Want Good Soil? Feed the Microbes

Author: Kathy Voth  | Published on: March 20, 2017

In June of 2014, Grist reporter Nathanael Johnson reported on a battle between two men in New South Wales Australia. Clive Kirkby and John Kirkegaard were having it out over the proper handling of crop residues after harvest. Kirkby was trying to get farmers to stop torching wheat stubble. Rather than letting fire release all that carbon into the atmosphere, he told them that they could increase soil organic matter and build healthier, carbon-rich soils by leaving the stubble in the field.  John Kirkegaard, an agronomist, told Kirkby he was wrong.
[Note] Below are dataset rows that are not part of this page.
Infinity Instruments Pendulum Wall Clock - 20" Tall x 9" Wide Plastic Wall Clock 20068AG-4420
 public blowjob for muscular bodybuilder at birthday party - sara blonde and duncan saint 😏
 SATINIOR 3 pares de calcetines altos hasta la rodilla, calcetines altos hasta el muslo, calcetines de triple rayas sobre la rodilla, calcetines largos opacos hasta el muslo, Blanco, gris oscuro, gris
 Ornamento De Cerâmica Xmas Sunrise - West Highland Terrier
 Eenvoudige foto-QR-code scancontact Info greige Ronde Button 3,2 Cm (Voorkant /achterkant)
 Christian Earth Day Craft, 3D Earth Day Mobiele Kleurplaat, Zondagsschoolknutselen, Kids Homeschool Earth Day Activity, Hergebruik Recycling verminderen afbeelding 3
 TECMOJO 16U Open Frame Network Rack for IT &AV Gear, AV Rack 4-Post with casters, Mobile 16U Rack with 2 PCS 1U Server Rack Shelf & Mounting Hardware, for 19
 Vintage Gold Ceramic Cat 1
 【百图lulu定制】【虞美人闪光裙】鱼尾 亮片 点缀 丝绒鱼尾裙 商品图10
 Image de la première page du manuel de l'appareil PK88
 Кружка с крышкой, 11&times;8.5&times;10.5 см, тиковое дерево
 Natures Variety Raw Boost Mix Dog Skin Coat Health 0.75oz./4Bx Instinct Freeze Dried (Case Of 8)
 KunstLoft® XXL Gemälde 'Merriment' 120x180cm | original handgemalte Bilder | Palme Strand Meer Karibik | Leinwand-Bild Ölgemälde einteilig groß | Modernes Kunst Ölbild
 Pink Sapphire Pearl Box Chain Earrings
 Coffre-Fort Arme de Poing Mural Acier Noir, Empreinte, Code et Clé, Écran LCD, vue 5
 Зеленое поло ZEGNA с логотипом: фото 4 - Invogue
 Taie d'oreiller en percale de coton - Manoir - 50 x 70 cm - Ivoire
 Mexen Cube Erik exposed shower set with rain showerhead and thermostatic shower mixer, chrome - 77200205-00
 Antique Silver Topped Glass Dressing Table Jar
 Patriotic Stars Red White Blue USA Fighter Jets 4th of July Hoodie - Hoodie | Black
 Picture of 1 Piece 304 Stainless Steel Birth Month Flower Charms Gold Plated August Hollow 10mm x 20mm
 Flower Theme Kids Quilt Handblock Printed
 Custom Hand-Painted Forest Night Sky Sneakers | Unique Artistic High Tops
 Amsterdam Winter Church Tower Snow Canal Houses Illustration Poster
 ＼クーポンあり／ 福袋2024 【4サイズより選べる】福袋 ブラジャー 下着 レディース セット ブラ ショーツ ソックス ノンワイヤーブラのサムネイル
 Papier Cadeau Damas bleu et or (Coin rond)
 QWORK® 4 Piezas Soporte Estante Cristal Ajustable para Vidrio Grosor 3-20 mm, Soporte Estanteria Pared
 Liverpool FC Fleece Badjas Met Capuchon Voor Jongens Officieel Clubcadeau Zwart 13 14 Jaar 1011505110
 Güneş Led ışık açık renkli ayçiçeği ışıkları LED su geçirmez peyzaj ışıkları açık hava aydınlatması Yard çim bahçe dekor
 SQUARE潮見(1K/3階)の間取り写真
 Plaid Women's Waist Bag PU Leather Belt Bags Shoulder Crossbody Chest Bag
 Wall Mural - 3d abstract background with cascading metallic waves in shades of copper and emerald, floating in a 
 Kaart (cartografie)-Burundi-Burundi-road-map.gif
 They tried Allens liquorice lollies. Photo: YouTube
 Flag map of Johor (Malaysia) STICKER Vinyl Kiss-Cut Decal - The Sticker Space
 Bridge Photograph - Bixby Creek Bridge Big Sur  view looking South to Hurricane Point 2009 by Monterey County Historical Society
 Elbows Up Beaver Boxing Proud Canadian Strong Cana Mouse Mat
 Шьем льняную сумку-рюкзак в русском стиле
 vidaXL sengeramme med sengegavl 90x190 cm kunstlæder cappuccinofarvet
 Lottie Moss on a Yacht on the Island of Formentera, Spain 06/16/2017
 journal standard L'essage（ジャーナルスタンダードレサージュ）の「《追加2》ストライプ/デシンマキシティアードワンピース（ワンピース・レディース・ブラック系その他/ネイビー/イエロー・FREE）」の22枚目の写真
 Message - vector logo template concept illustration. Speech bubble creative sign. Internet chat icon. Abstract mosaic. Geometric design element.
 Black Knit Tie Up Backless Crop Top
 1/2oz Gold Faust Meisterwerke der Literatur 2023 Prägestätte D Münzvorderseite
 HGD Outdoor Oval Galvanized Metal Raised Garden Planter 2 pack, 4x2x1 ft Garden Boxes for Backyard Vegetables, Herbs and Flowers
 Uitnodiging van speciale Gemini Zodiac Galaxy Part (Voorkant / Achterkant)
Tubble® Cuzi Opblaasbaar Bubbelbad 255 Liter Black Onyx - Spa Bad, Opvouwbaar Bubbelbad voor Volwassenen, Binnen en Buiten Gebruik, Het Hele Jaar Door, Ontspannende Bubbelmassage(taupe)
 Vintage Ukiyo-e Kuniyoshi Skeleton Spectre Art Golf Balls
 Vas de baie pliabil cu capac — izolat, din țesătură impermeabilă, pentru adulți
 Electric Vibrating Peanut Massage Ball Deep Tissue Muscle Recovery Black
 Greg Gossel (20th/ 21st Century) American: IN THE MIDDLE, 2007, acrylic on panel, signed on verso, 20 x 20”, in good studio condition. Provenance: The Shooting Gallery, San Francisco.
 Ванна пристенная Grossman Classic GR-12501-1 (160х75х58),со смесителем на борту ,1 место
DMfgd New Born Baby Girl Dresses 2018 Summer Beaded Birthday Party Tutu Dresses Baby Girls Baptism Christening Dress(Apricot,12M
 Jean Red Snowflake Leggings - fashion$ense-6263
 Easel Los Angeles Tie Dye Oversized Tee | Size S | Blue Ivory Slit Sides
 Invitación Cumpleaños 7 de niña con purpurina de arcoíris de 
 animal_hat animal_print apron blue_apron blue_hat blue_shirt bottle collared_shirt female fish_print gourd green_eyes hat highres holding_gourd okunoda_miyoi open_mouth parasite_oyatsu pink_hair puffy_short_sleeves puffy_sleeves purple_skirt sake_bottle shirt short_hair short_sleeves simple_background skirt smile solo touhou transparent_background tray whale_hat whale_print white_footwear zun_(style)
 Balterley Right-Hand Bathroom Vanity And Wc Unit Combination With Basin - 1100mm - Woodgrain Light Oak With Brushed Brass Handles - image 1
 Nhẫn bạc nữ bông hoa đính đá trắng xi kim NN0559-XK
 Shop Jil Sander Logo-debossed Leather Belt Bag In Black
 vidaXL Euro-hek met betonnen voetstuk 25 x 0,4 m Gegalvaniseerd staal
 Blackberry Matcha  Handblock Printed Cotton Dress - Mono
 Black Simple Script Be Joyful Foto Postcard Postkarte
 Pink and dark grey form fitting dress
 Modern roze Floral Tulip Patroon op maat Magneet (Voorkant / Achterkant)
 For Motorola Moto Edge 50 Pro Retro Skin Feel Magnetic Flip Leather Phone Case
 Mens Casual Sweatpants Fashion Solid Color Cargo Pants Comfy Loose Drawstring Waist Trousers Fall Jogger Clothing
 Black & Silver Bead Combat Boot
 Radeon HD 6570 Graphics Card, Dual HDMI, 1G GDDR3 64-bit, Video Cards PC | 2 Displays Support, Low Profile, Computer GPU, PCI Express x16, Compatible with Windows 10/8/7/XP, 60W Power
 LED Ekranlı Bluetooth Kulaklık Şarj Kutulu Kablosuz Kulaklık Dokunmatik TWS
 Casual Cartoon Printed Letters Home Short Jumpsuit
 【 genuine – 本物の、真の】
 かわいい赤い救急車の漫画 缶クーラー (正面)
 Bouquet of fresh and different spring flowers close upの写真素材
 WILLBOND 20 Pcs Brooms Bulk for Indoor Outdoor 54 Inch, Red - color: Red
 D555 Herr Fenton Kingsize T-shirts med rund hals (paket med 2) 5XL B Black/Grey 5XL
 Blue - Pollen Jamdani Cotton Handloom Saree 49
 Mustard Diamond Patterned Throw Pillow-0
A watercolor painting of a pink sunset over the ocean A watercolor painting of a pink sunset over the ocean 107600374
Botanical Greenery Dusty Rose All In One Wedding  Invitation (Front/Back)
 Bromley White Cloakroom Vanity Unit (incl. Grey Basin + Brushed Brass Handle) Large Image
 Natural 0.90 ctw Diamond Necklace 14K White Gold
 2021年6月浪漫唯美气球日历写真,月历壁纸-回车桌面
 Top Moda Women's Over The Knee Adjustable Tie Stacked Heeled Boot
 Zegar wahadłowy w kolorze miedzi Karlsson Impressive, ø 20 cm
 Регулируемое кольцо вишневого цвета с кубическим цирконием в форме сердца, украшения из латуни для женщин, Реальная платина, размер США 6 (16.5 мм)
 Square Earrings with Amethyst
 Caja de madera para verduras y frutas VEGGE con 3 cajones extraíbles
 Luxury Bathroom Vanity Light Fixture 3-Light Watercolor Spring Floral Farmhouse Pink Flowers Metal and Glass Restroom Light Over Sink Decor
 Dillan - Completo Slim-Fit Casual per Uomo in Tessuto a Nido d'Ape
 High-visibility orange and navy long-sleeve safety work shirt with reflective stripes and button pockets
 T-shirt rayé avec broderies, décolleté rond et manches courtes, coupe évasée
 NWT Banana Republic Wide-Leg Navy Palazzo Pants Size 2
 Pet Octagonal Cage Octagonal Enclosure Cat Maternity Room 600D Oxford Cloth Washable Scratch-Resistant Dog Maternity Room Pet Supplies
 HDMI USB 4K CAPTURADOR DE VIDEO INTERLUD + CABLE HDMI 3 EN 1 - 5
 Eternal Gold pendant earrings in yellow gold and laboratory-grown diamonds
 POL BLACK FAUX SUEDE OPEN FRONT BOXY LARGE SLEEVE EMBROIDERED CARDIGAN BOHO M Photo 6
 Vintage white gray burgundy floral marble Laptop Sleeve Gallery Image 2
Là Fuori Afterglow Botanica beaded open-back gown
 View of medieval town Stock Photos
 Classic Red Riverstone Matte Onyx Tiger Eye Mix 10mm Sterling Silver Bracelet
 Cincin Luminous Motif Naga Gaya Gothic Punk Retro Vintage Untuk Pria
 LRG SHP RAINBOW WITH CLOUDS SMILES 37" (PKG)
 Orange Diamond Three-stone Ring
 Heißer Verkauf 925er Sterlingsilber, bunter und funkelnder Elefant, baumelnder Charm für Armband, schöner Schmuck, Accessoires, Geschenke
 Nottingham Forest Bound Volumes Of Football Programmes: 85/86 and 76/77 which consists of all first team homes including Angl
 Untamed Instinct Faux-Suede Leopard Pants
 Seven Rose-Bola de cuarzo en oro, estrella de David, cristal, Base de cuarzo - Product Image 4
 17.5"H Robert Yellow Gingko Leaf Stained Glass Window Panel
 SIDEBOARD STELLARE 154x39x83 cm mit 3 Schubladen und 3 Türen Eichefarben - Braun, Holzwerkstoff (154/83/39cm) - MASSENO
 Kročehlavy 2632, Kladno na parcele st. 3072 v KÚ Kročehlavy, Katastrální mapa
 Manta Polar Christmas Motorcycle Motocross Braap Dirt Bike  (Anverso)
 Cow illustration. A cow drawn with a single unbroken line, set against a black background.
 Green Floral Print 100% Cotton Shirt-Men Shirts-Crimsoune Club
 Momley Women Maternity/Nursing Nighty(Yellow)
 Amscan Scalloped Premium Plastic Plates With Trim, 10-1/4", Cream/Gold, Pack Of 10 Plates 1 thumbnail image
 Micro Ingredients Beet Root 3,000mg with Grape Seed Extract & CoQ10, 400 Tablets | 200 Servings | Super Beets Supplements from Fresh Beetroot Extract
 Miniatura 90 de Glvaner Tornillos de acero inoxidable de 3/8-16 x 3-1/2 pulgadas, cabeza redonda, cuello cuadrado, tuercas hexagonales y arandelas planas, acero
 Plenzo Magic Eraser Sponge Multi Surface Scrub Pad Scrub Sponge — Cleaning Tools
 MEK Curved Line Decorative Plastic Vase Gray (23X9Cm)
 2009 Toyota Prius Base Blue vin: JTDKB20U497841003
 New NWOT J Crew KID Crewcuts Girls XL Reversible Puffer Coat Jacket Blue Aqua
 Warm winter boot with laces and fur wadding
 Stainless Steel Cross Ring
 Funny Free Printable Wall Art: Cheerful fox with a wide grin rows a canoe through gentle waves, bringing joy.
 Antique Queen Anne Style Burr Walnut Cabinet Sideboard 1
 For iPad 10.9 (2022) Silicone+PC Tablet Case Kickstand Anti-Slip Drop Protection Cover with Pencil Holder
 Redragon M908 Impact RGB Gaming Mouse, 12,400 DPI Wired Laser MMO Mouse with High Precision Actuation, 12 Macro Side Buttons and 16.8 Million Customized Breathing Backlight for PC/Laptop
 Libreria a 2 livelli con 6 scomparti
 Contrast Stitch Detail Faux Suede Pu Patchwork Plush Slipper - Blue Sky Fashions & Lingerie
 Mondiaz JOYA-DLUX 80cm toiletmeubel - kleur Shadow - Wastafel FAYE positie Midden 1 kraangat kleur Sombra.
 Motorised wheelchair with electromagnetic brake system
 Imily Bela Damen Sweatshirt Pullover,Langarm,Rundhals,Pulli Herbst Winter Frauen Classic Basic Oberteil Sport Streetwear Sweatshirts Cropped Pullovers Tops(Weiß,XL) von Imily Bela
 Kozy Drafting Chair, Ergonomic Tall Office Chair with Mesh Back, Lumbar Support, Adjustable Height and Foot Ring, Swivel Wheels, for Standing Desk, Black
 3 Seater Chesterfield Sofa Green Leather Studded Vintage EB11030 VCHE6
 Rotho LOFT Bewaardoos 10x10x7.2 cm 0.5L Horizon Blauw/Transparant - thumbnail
The practice of burning and cultivating was what was growing the best crops.

As most folks will tell you nowadays, cultivating, or plowing, disrupts soil microbes and releases even more carbon into the air. That’s why no-till is becoming increasingly popular. But the practice that Kirkby was promoting didn’t seem to be making a difference either. After six years of leaving stubble in the field, Kirkegaard’s data showed that soil organic matter and the carbon it holds wasn’t increasing, and in some cases, it was even decreasing.

Farmers have been encouraged to leave stubble in the field for the same reason that management-intensive grazing proponents leave plenty of forage behind in pasture: It’s food for the soil. Put more precisely, it’s fuel for a complex, not entirely understood food web of fungi, insects, and microbes eating the residue and each other and transforming plant remains into stable, carbon-rich soil.